◆ **To do**:
Leave the pictures out, and transcribe the material below exactly from the line with "Bamboo cutting board" to the line with "échange des voeux", both lines included.

◆ **Recorded data**:
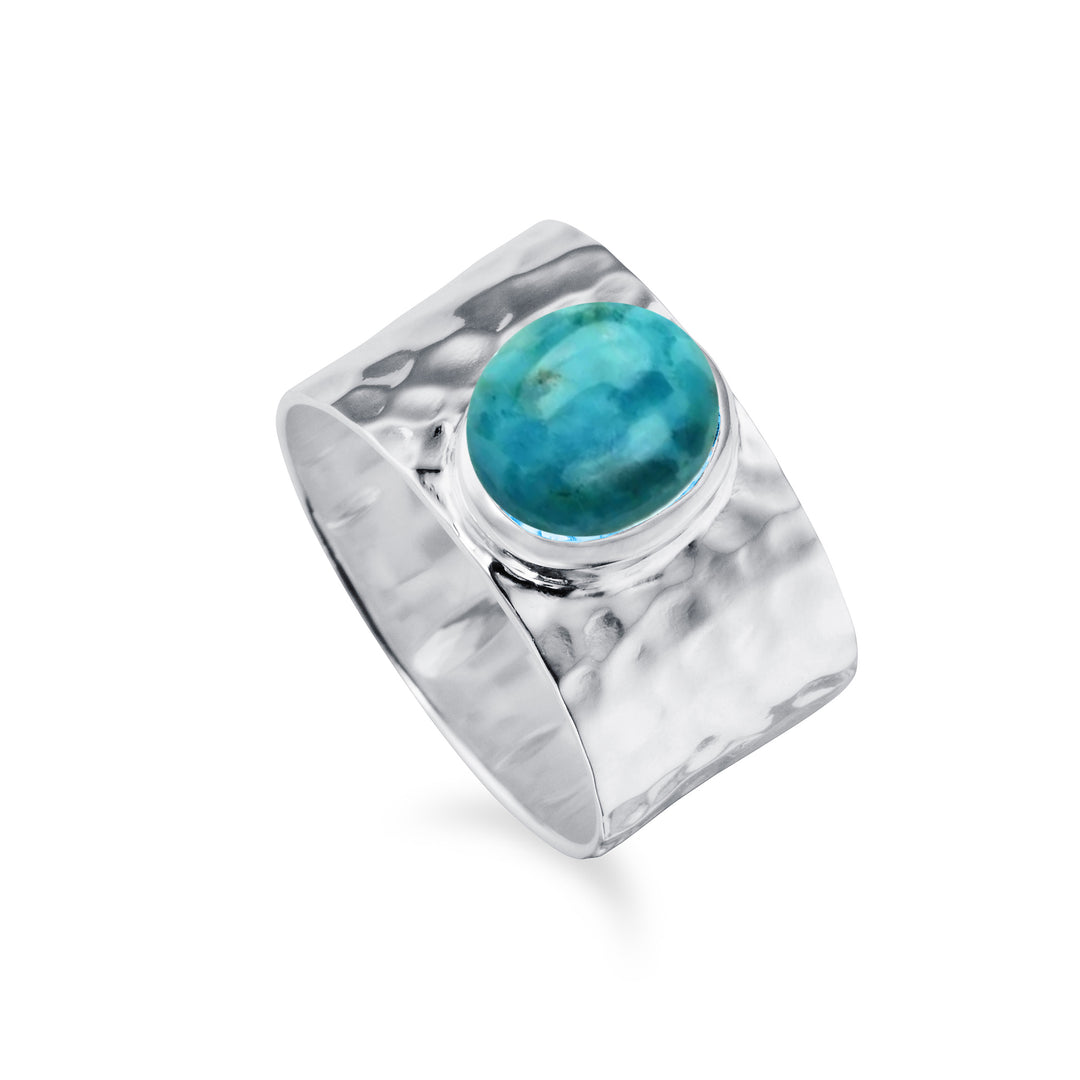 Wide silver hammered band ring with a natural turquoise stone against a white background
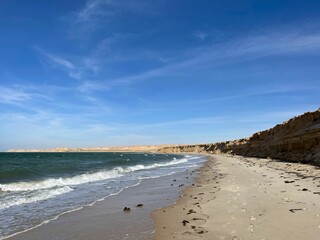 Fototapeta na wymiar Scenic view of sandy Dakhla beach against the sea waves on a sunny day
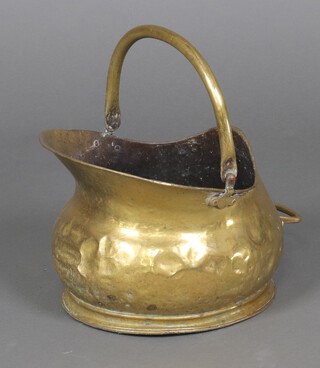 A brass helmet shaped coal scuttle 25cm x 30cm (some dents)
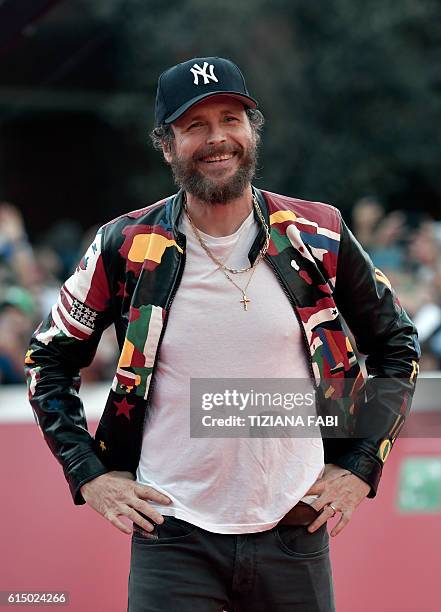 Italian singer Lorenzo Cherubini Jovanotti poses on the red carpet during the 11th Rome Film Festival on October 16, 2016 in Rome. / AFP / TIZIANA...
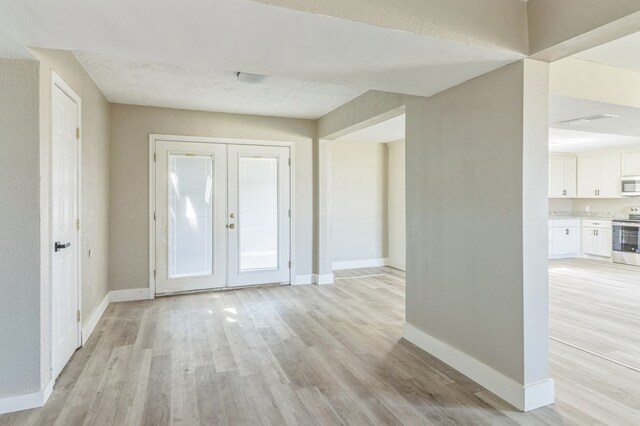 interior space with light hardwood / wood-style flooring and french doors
--
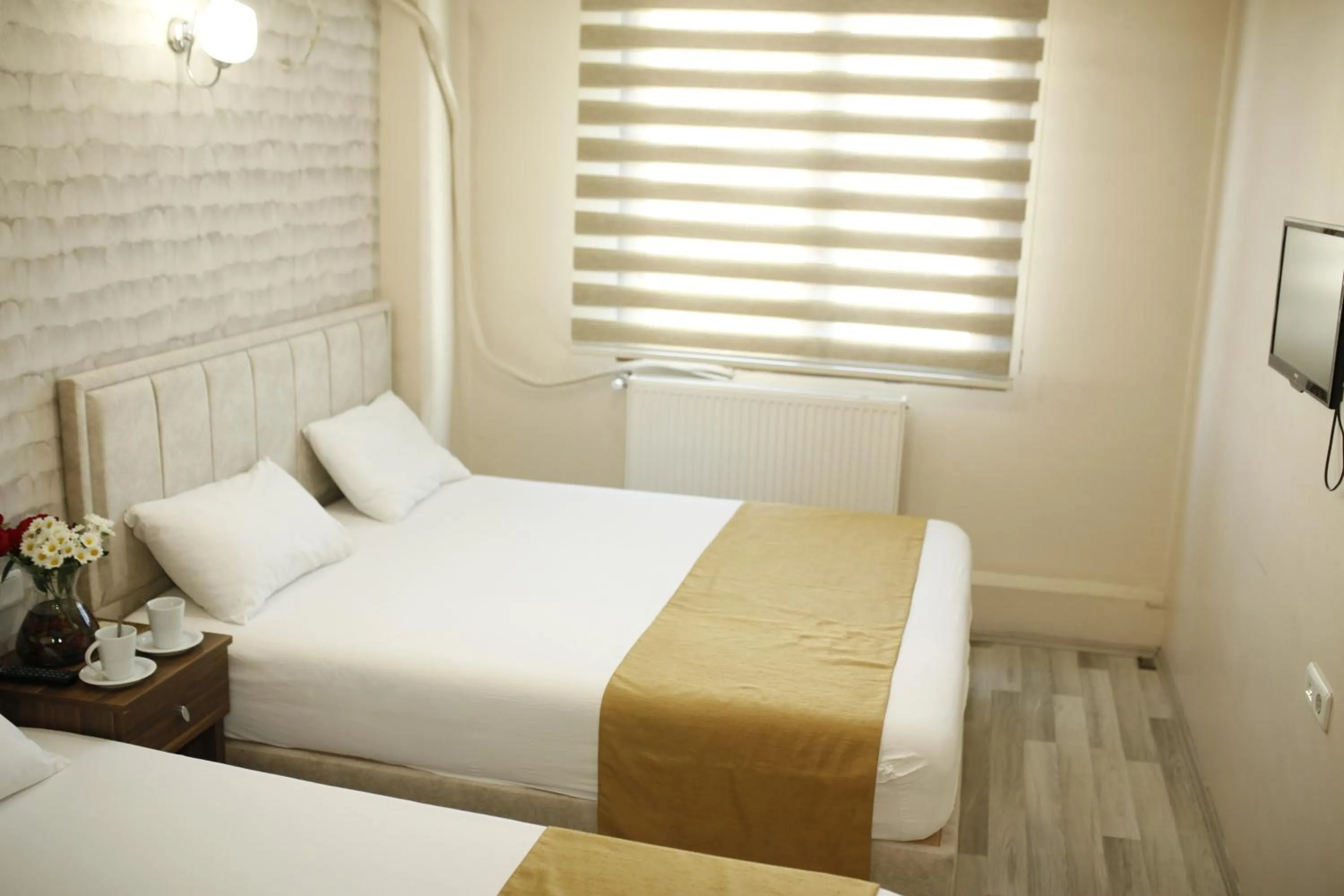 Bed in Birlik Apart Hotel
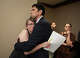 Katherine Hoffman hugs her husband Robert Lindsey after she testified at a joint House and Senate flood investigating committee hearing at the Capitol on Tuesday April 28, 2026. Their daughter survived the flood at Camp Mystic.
==
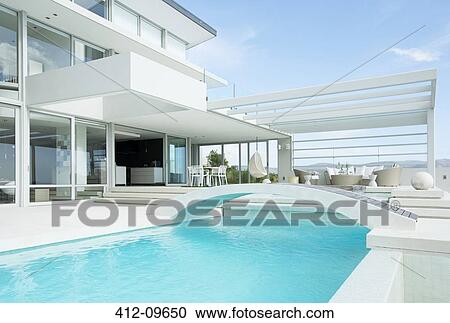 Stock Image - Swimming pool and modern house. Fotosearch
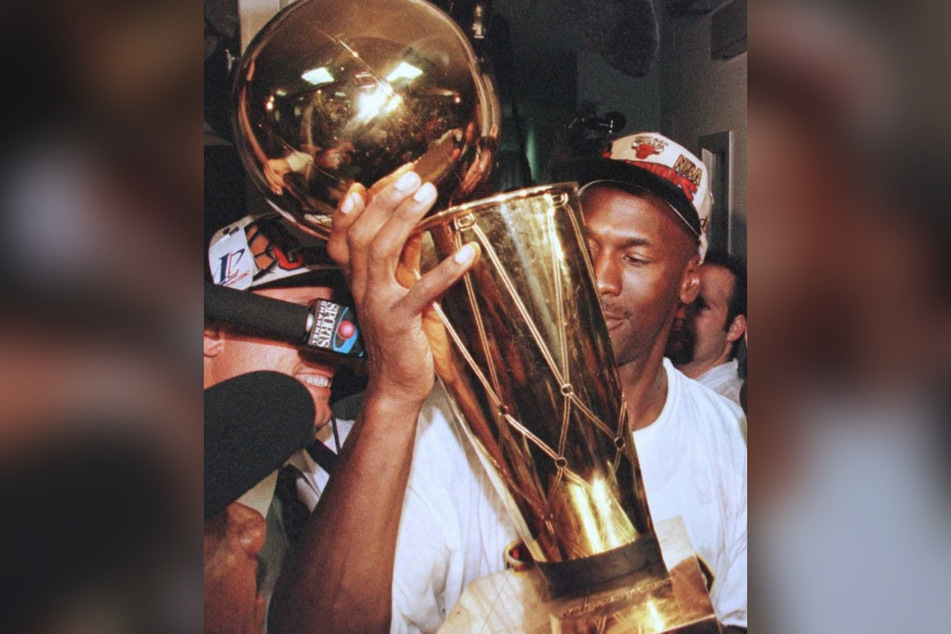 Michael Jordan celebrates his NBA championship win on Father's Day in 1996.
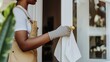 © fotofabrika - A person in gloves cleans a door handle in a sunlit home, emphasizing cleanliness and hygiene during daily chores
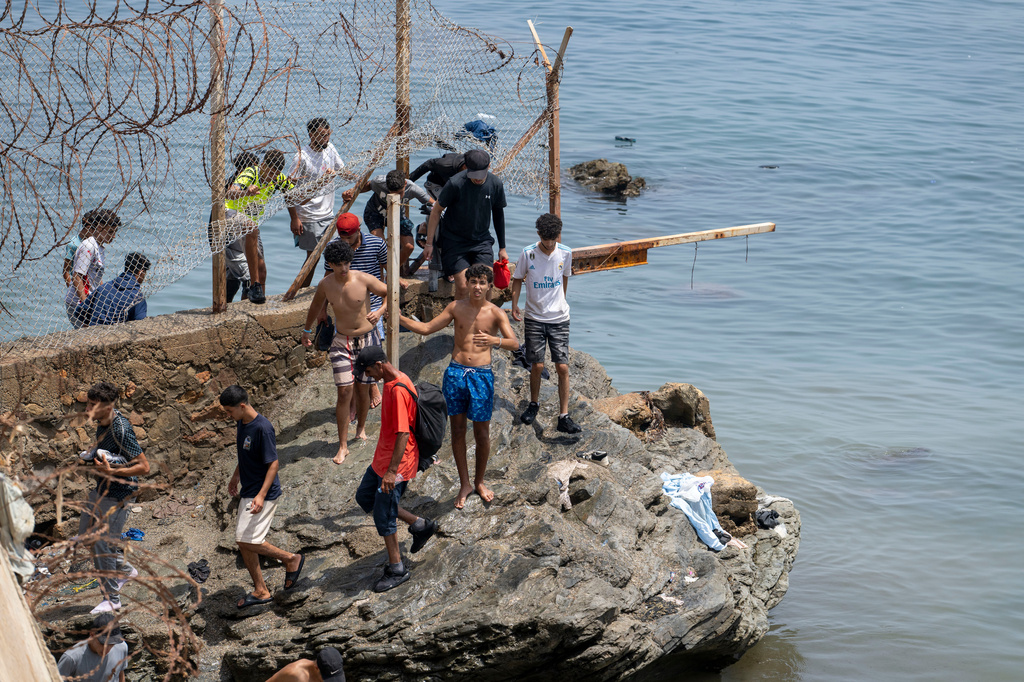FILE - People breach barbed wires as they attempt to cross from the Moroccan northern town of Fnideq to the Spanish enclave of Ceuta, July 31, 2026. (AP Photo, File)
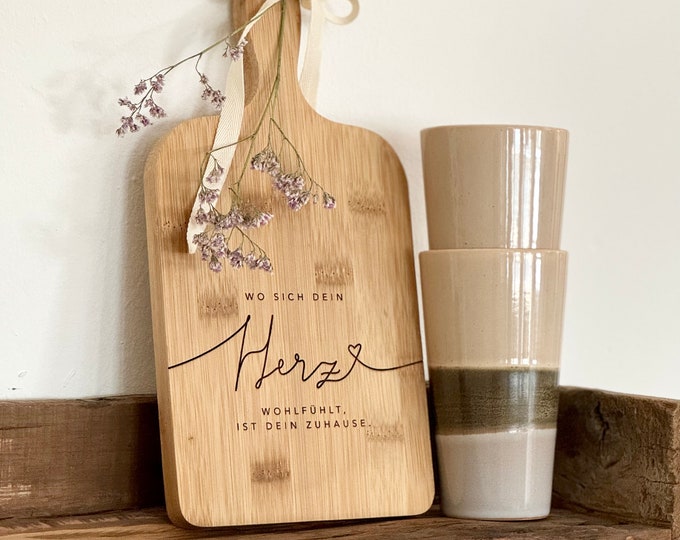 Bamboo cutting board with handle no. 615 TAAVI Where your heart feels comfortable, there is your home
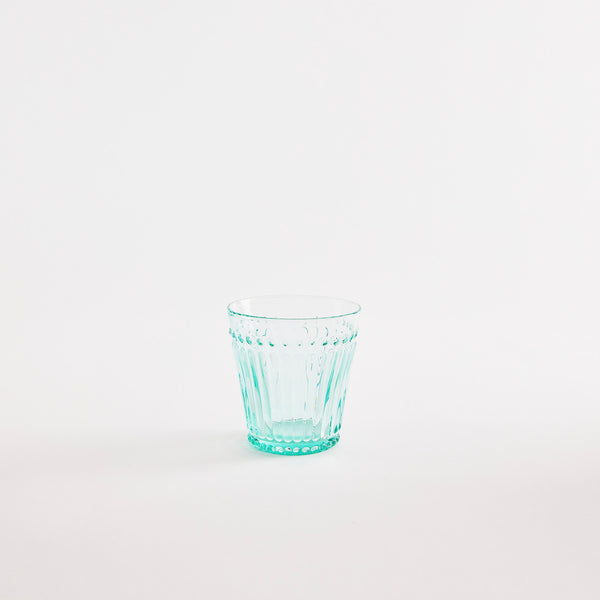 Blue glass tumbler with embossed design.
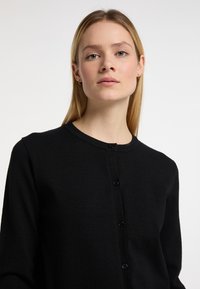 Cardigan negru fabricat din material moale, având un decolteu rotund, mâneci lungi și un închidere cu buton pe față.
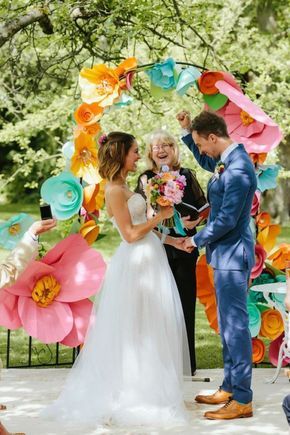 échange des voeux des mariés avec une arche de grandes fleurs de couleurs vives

◆ **Task answer**:
 Bamboo cutting board with handle no. 615 TAAVI Where your heart feels comfortable, there is your home
 Blue glass tumbler with embossed design.
 Cardigan negru fabricat din material moale, având un decolteu rotund, mâneci lungi și un închidere cu buton pe față.
 échange des voeux des mariés avec une arche de grandes fleurs de couleurs vives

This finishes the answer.